Und dann war es dunkel

Art des Stücks: Kriminalgroteske in zwei Akten, schweizerdeutsche Fassung, (Spieldauer rund 100 Minuten)

Autor: Fabienne M. Schweizer (Autorenteam Fabienne Müller, Nathalie Schweizer, Martin Willi)

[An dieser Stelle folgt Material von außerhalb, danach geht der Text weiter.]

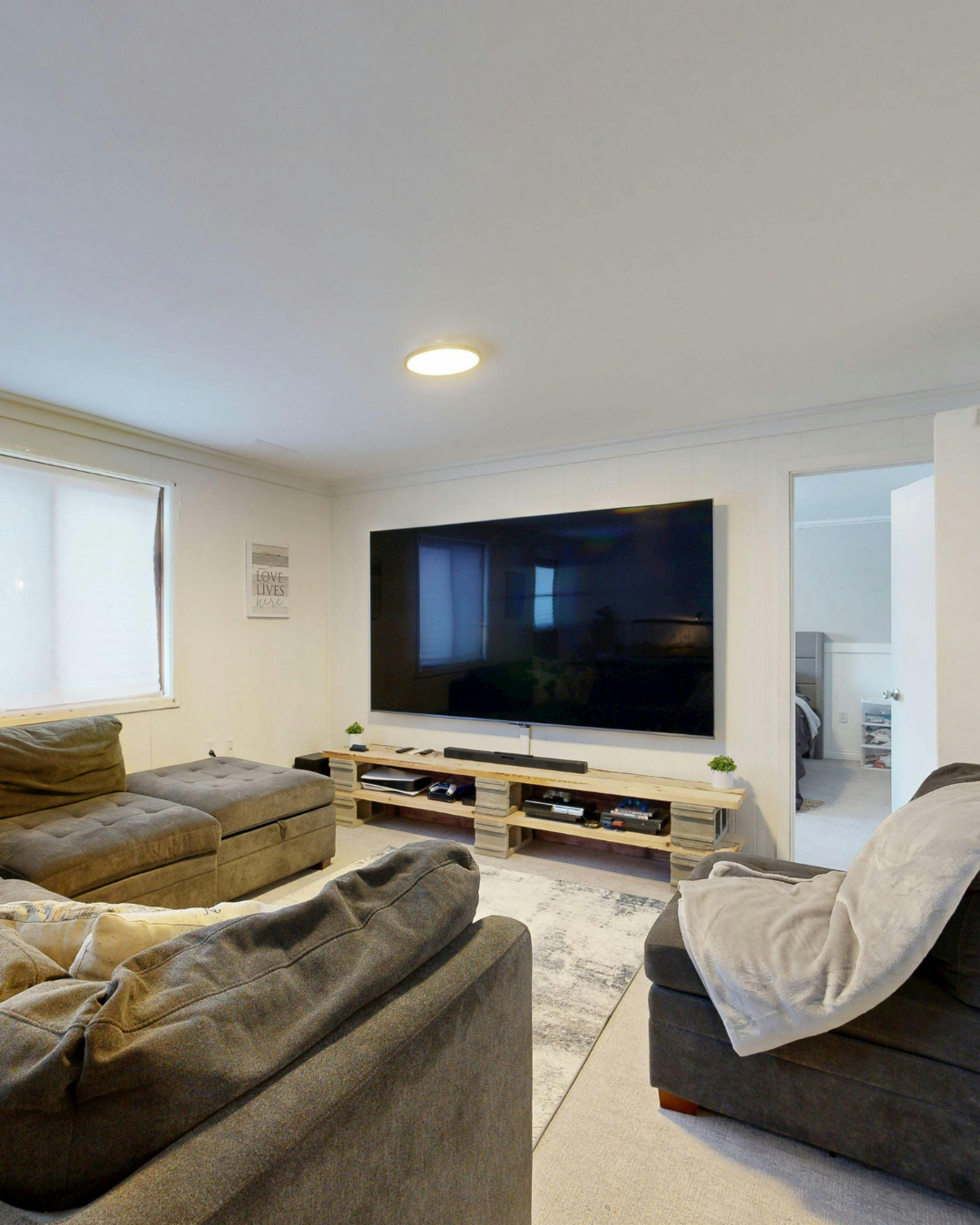 Living room with beige couches, a large flat-screen TV on a wooden stand, a window with white blinds, and a bedroom visible through an open door. Installation completed by Sound Select AV.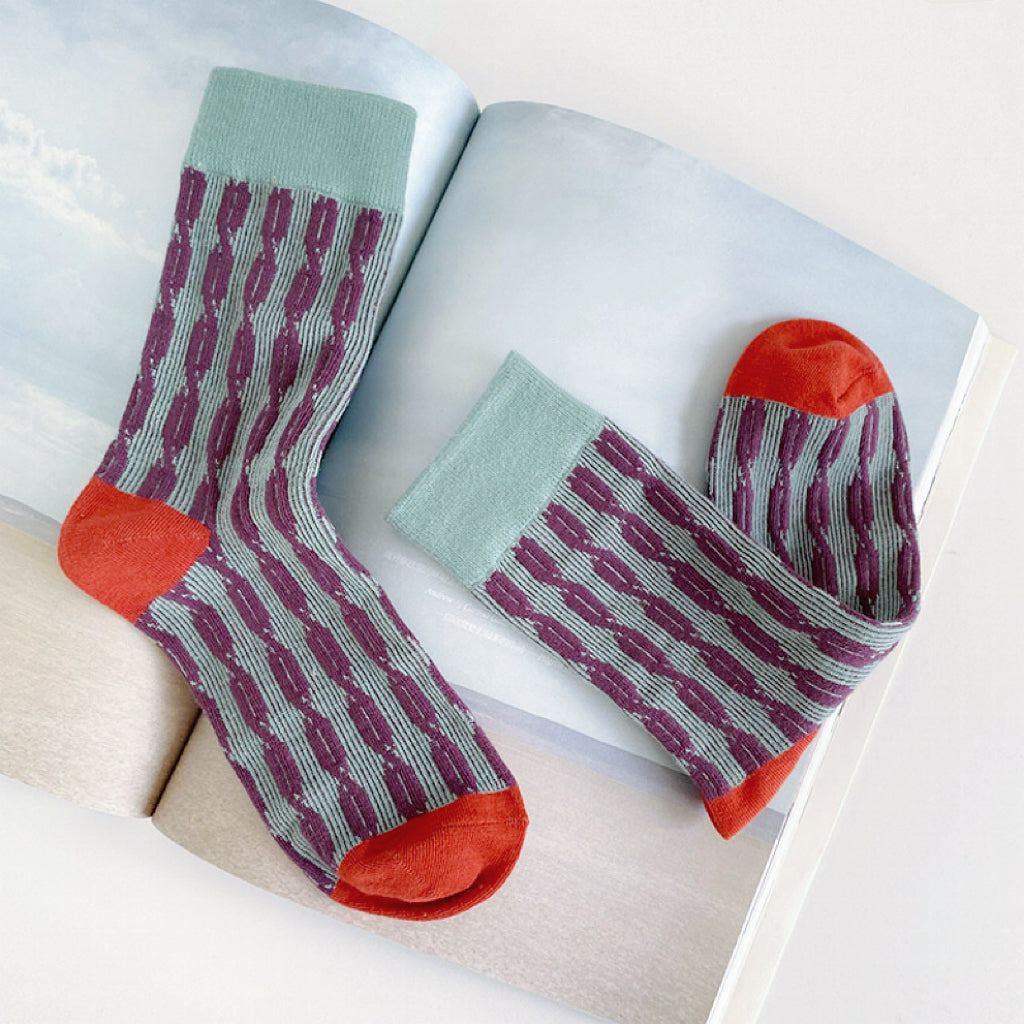 Flat lay of Sculptured Ripple Knitted Socks in green, great for daily wear and lounging.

Aufführungsrechte: Deutscher Theaterverlag, Grabengasse 5, D-69469 Weinheim

Personen: 5 Herren / 3 Damen

Zeit: Gegenwart (Monate Mai-Juni)

Ort der Handlung: Altstadtwohnung in Laufenburg / In einem Park in Laufenburg / das Coffee-Pot in Laufenburg

Inhaltsangabe: Eine junge Frau wird in einer Altstadtwohnung in Laufenburg tot aufgefunden. Vom Täter fehlt jede Spur, oder doch nicht? Kann nicht Jede(r) ihrer Bekannten der oder die Täter(in) sein? Denn eines scheint schon bald klar zu sein, beliebt war die tote Emily Rosalia von Arx nicht wirklich. Welche undurchsichtigen Geschäfte und Machenschaften hat sie getätigt? Das Publikum wird auf eine Reise durch die Vergangenheit geführt. Was hat in den letzten Wochen zu diesem Todesfall geführt? Dubiose Gestalten wie der schizophrene Frank A. Meisgeier, der Stalker Andreas Aeschbacher und der um sein Erbe betrogene Halbbruder Karl Oberholzer kreuzen die Wege von Emily. Sie alle scheinen einen Grund zu haben sie umzubringen, doch hatten sie auch den Mut dazu? Dagegen scheinen der Malermeister Isaac Burkhardt, die Teenagerin Alisha Steinacher und auch der Kriminalkommissar Wolfgang Fischer auf den ersten Blick harmlos. Doch wie sagt man so schön: „Stille Wasser gründen tief“. Und welche Rolle spielt eigentlich Jennifer Blumer in diesem Spiel der Wahr- und Unwahrheiten? Die Zuschauer werden zum Mitraten aufgefordert. Wer kann den Mörder, die Mörderin, herausfinden?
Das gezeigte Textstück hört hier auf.